国連開発計画(UNDP)武装解除・動員解除・社会復帰担当シニア・アドバイザーのデズモンド・ジョン・マロイ東京外大特別研究委員は、ソマリア沖の海賊は現在、沿岸から1千キロ以上の海域まで出ており、各国艦船の取り組みは、終わりがなく根本的な解決にはならないとの考えを示しました。
日本アジア・アフリカ・ラテンアメリカ連帯委員会(AALA)全国理事の高林敏之・東京外大共同研究員は「ソマリア国家の再建をすることなしに、住民が海賊に走ることを止めることはできない」として、紛争の解決にむけ、現地で和平に取り組んでいるアフリカ連合(AU)などへの支援を政府は行うべきだと指摘しました。
山田吉彦東海大海洋学部教授は、同法案に賛成するとしながらも、現場を航行する船舶の自主警備の必要性を説き、中長期的な取り組みとして、マラッカ海峡における国際的な海賊対策(アジア海賊対策地域協力協定=ReCAAP)のソマリア版を確立すべきだと主張しました。
秩序回復の努力こそ
井上議員質問に参考人
日本共産党の井上哲士議員は16日の参院外交防衛委員会の参考人質疑で、海賊問題の根本解決に向けたソマリア和平の取り組みについて、日本AALA連帯委員会全国理事の高林敏之氏に質問しました。
高林氏は「ソマリア(政府)が再建されない限り、ソマリア人の海賊その他の違法行為に走る事態は止めようがない。今後は麻薬や武器の密輸、テロ活動に走ることが起きるかもしれない」と和平の重要性を強調しました。
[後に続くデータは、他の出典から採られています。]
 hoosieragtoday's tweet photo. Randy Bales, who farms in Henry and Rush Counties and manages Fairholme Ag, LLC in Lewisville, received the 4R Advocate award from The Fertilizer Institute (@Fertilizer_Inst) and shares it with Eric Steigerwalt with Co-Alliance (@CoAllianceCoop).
井上氏は、アデン湾の海賊問題を解決するには、「政府もソマリアの陸(紛争)の問題解決が必要だと言っているが、『陸の解決まで待つのは迂遠(うえん)すぎる』という議論もあり、どう考えるか」と質問。高林氏は「すでに海賊対策が長期の時間がかかると言われ、ソマリア紛争の解決を待つのは迂遠というのは、論理的に整合性がない。今年度補正予算の海賊対策費だけでも180億円以上にのぼり、それを長期的に毎年かける余裕が日本の財政にあるのか」と指摘。日本のソマリア人道・治安支援費は海賊対策予算の3分の1にすぎないことを示し、「アフリカ連合などの取り組みを支援して、できるだけ早くソマリアの民主的秩序を回復する努力をすべきだ」と主張しました。